Compute the c_d_theta_sh_h_p.

Usage

c_d_theta_sh_h_p(y, z, l, h)

Arguments

y
The potential variables. It is a matrix with column of values of a variables. It should be standardized in this application.
z
The gold standard variable. It should be standardized.
l
Linear combination.
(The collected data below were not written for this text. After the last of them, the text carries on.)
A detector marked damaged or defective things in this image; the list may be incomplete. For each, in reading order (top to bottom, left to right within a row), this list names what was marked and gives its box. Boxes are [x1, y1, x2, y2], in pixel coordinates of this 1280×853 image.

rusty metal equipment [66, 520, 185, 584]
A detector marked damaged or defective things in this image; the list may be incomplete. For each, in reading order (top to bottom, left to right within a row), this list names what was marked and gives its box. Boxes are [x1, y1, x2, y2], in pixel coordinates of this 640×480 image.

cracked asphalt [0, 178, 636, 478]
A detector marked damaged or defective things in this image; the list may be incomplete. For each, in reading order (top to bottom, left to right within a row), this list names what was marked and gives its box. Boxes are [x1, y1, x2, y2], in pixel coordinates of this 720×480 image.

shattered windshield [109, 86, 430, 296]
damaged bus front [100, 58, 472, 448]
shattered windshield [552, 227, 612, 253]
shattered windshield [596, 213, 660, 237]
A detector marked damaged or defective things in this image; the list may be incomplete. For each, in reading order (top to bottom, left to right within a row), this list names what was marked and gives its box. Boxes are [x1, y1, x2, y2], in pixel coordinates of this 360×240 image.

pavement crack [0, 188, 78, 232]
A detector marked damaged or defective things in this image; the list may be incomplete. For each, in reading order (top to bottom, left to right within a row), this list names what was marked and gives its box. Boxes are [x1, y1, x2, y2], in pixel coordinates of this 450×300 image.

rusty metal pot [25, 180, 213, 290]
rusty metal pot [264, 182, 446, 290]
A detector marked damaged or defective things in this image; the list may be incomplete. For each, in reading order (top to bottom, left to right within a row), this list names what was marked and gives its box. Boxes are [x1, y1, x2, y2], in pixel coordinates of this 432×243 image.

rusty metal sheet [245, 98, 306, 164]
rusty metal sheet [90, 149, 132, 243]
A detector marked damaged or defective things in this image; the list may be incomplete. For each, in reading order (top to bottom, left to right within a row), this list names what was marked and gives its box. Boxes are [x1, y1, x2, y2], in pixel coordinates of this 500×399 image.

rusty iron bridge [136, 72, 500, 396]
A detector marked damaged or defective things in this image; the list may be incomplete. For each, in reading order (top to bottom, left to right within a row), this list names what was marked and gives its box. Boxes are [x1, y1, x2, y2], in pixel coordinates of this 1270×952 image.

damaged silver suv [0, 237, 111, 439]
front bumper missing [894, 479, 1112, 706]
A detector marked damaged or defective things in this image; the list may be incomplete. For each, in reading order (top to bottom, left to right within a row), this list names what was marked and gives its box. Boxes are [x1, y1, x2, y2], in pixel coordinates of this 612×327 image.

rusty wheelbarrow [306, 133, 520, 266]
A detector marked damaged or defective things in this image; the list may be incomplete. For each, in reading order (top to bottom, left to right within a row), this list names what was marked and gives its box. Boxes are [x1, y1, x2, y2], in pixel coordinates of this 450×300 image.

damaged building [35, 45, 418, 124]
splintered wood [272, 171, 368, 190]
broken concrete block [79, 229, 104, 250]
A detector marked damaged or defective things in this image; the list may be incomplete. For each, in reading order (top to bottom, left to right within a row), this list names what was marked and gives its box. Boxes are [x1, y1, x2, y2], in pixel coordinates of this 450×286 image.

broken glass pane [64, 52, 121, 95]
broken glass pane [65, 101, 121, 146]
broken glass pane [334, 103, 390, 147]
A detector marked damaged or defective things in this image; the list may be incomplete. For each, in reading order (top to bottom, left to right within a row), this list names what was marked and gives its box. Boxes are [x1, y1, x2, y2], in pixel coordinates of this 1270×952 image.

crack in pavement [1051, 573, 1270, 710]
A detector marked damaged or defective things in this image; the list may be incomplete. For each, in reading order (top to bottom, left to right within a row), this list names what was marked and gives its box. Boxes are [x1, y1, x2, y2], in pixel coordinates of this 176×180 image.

A vector.
h
The value of h falls into (n^(-1/2), n^(-1/5)).

Value

  • d.theta.sh.h.pTheta after differential.

Details

Compute the c_d_theta_sh_h_p Come from differential.

References

Chang, YCI. Maximizing an ROC type measure via linear combination of markers when the gold reference is continuous. Statistics in Medicine 2012. Obuchowski NA. An ROC-type measure of diagnostic accuracy when the gold standard is continuous-scale. Statistics in Medicine 2006; 25:481--493. Obuchowski N. Estimating and comparing diagnostic tests accuracy when the gold standard is not binary. Statistics in Medicine 2005; 20:3261--3278. Friedman JH, Popescu BE. Gradient directed regularization for linear regression and classification. Technical Report, Department of Statistics, Stanford University, 2004.

Examples

Run this code
##---- Should be DIRECTLY executable !! ----
##-- ==>  Define data, use random,
##--	or do  help(data=index)  for the standard data sets.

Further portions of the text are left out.